» **TASK PROMPT**: Restate the opening lines of the material below word for word, stopping after the line that contains "GTPLAYER Krzesło gamingowe, ergonomiczne".

» **DATA SHOWN**:

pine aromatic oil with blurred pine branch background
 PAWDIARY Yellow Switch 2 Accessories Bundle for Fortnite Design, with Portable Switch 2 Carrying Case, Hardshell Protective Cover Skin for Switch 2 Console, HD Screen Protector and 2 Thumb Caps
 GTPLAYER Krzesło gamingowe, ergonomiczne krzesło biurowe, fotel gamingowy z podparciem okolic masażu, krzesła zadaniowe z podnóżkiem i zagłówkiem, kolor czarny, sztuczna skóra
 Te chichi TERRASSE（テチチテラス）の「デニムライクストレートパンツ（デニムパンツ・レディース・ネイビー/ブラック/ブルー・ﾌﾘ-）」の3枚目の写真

» **YOUR RESPONSE**:
pine aromatic oil with blurred pine branch background
 PAWDIARY Yellow Switch 2 Accessories Bundle for Fortnite Design, with Portable Switch 2 Carrying Case, Hardshell Protective Cover Skin for Switch 2 Console, HD Screen Protector and 2 Thumb Caps
 GTPLAYER Krzesło gamingowe, ergonomiczne krzesło biurowe, fotel gamingowy z podparciem okolic masażu, krzesła zadaniowe z podnóżkiem i zagłówkiem, kolor czarny, sztuczna skóra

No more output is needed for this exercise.